Although Canada, like its American cousin, had long had a “silver” dollar, the dollar hadn’t seen much use as a circulated coin in the latter part of the 20th century; citizens of both countries greatly preferred their respective homelands’ one-dollar banknotes. One-dollar bills, however, are now impractical when viewed from a cost-benefit basis: they wear out, necessitating replacement far more frequently than dollar coins would. Paper currency has a life expectancy of nine months, whereas coins are good for twenty years.
In 1987 Canada’s currency underwent a major change with the introduction of “the loonie,” that country’s new gold-colored one-dollar coin. The loonie was created to replace the one-dollar bill, which was to be removed from circulation through attrition: worn-out dollar bills would continue to be destroyed, but no new stock of paper currency would take their place. Canadians were given one year to become accustomed to the metal dollar coin, then the Bank of Canada ended distribution of one-dollar banknotes, leaving the loonie supreme.
Prior to 1987, Canada’s silver dollar coin featured two men in a fur-laden canoe, a depiction of the voyageurs who had dared the wilderness in that country’s early days. When Canada decided to replace one-dollar bills with one-dollar coins, the 1935 Emanuel Hahn “voyageur” design was adapted for the new coin, but something went awry — the master dies of the new one-dollar coin were lost in transit.
The dies, which had been produced in Ottawa, were being shipped to production facilities in Winnipeg.
According to an investigation conducted by the Royal Canadian Mint, they had been entrusted to a courier service on 3 November 1986 and were never seen again. The dies’ being sent by courier was in itself a breach of accepted security procedures (transport of the dies should have been handled by a
high-security outfit such as Brink’s), but there was more: no one had asked the courier company representative who had appeared to take possession of the package for identification. And both dies, the obverse and reverse of the new coin, had been bundled into the same shipment, meaning that whoever had the package also had the dies for striking both sides of the new coin. (The two sides should have been shipped separately to head off this possibility.)
Although the Royal Canadian Mounted Police assert the dies were merely lost in transit, others believe they were stolen by folks intent upon minting their own money. With this possibility looming, the Mint undertook to redesign the coin to foil potential counterfeiters.
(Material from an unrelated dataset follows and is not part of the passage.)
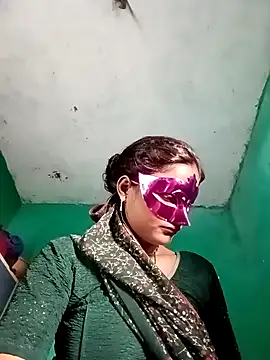 Snapshot of Sapna9685 chatting on October 2025 07:15:01 AM Sapna9685 online show from October 2025 07:15:01 AM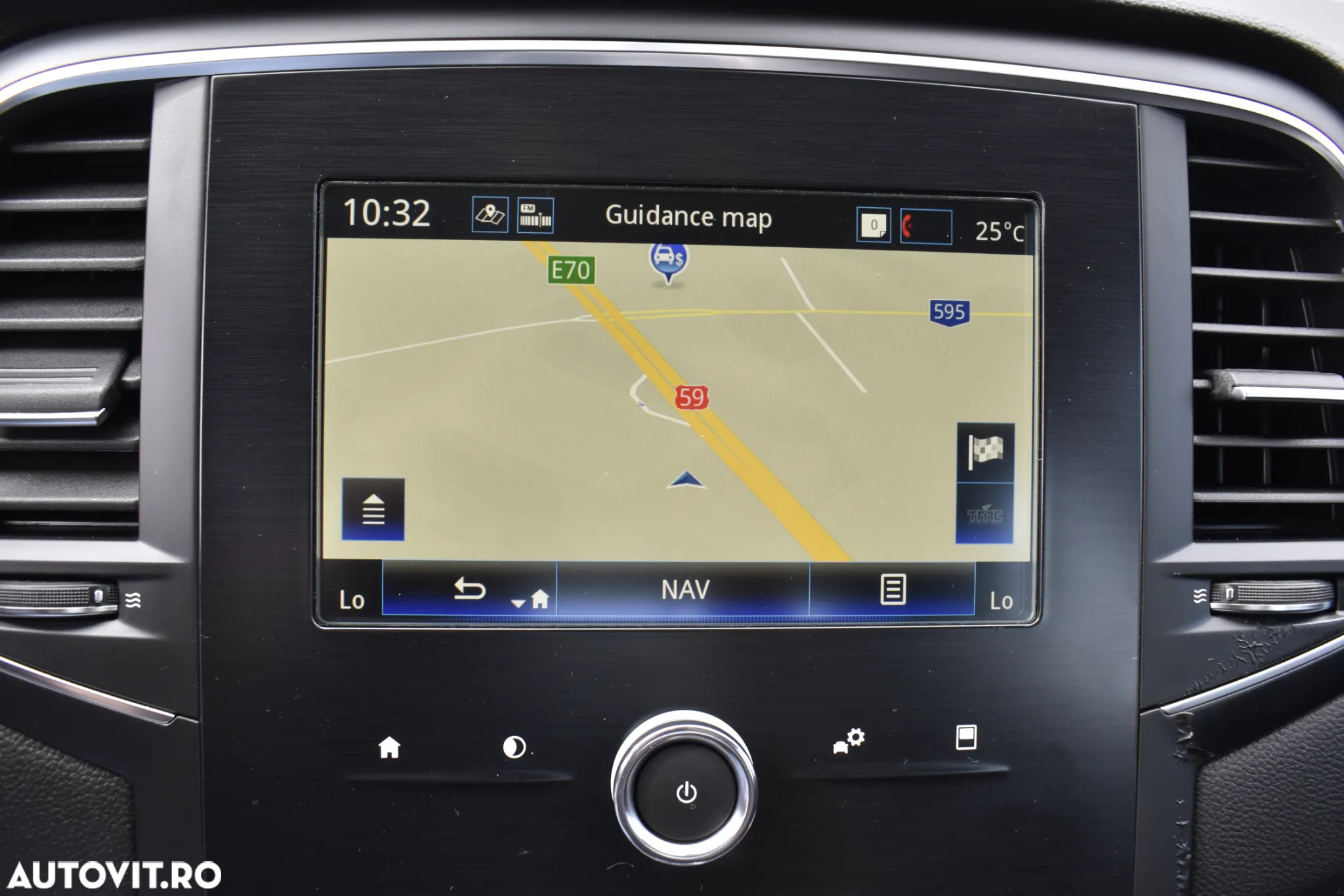 Renault Megane Blue dCi 116 EDC Zen - 12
They had an alternate Robert-Ralph Carmichael design featuring a loon on hand and quickly gained government approval for its use. Dies were cut, and the gold-colored dollars were loosed upon the Canadian public on 30 June 1987, meeting the schedule for the release date of the original “voyageurs” coin.
The subject of the coin’s design prompted its own nomenclature. Canadians quickly dubbed the new coin “the loonie” (a name has stuck through the years), and piggy banks became known as “loonie bins.” In 1996, the “toonie” joined the loonie in the pockets of Canadians as a new dual-metalled coin took the place of the two-dollar bill. Also known as “the queen with the bear behind” (Queen Elizabeth on one side, a bear on the other), the toonie gained its name from a combination of “two” and “loonie.”
The loonie, by the way, might be gold colored, but it contains no gold. It is made of aureate bronze plated on pure nickel.